History

United States
- Name: YP-86 (ex-Pacific Fisher)
- Builder: Martinolich Shipbuilding Company, Tacoma
- Completed: 1937
- Acquired: 7 April 1941
- Decommissioned: 27 June 1944
- Out of service: 1944
- Stricken: 18 July 1944
- Identification: code letters: NBSO ; ;
- Honours and awards: American Defense Service Medal ; Asiatic–Pacific Campaign Medal ; World War II Victory Medal;
- Fate: Sold to private sector, 1945
- Notes: Acquired by the U.S. Navy from the private sector.

General characteristics
- Type: Seiner
- Displacement: 113 gross tons 77 net tons
- Length: 73.5 ft (22.4 m) o/a
- Beam: 9.75 ft (2.97 m)
- Propulsion: one Diesel engine, single propeller, 200 shp

= USS YP-86 =

YP-86 was a converted fishing vessel that served as an auxiliary patrol boat in the U.S. Navy during World War II.

==History==
She was laid down as a seiner in the Tacoma shipyard of the Martinolich Shipbuilding Company.
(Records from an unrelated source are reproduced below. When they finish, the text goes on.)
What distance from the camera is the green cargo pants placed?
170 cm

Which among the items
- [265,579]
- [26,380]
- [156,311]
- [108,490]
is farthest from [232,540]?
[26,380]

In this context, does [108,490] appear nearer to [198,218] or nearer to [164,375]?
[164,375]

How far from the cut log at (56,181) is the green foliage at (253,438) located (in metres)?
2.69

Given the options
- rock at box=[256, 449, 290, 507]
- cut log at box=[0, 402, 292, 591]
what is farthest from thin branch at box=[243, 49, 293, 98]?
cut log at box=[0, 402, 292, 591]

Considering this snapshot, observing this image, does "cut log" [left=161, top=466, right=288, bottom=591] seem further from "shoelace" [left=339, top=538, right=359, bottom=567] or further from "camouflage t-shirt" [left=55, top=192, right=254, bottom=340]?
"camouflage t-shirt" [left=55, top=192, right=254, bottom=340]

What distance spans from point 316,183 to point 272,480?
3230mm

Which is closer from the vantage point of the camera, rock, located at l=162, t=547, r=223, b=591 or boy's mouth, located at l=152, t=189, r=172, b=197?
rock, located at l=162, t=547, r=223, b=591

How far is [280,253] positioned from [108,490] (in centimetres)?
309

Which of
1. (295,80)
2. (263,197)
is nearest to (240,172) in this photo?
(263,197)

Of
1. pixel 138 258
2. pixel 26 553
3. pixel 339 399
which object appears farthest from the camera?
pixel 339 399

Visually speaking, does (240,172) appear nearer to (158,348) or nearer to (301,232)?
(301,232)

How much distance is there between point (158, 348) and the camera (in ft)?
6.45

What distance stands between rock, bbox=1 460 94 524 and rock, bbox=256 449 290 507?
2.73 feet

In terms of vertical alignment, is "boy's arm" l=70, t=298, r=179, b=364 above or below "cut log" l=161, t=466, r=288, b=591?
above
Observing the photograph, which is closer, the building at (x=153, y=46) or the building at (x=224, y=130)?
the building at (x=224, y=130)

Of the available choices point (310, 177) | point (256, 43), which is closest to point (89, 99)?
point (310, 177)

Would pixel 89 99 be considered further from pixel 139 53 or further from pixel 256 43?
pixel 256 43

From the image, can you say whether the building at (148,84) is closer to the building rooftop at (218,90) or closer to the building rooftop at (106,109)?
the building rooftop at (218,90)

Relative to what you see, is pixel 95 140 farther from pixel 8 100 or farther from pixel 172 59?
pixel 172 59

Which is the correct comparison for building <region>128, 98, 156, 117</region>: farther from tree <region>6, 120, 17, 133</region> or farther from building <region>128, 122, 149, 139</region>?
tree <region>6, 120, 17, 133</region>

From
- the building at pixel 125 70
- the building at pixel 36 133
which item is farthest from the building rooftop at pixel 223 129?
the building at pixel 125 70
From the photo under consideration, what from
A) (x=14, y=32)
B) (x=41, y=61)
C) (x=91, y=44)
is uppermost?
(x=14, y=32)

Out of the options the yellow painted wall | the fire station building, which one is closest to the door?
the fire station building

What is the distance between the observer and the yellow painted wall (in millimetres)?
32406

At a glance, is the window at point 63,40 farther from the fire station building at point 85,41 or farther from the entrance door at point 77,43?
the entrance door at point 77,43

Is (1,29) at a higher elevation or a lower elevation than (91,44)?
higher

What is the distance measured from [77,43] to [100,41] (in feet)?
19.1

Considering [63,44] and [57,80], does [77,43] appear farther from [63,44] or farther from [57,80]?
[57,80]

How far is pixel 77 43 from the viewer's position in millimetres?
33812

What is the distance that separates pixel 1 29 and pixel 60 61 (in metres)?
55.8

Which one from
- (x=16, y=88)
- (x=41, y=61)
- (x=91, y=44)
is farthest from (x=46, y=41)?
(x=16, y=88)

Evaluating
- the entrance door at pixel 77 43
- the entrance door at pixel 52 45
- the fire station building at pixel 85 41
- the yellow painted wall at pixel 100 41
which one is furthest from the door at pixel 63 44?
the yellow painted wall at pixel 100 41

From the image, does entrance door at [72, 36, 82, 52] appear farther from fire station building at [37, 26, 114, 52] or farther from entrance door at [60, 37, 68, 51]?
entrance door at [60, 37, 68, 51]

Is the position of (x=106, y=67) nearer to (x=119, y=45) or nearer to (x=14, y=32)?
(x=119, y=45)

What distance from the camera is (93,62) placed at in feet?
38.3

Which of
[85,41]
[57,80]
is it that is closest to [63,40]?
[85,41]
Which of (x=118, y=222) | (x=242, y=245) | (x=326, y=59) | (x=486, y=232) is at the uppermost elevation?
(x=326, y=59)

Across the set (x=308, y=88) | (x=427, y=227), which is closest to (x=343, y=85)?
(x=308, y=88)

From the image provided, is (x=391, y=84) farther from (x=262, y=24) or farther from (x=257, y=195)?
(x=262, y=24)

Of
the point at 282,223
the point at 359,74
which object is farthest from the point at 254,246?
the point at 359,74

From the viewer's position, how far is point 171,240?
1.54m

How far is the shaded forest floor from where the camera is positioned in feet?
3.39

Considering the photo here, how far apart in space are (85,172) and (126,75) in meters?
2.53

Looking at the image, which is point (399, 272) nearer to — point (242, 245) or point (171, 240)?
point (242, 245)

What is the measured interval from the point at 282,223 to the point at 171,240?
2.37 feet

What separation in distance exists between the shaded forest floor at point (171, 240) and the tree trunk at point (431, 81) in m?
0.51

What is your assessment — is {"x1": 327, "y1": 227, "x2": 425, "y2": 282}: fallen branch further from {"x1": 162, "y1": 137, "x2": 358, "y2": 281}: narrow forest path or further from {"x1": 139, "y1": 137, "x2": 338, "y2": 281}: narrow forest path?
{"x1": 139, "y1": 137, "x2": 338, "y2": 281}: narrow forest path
She was completed in 1937 and named Pacific Fisher (ON 236159). On 7 April 1941, she was acquired by the Navy and designated as a Yard Patrol (YP). She was one of the initial ships assembled by Captain Ralph C. Parker for the Alaskan Sector, Northwest Sea Frontier, 13th Naval District—colloquially known as the "Alaskan Navy". She spent her entire career serving in the Aleutian Islands during the Aleutian Islands Campaign.

YP-86 was decommissioned on 27 June 1944 and struck from the Naval Vessel Register on 18 July 1944. On 6 October 1944, she was transferred to the United States Maritime Administration. In 1945, she was sold to Coastwise Fisheries of Seattle, Washington. In 1961, she was sold to Merrill W. Henington of Seldovia, Alaska.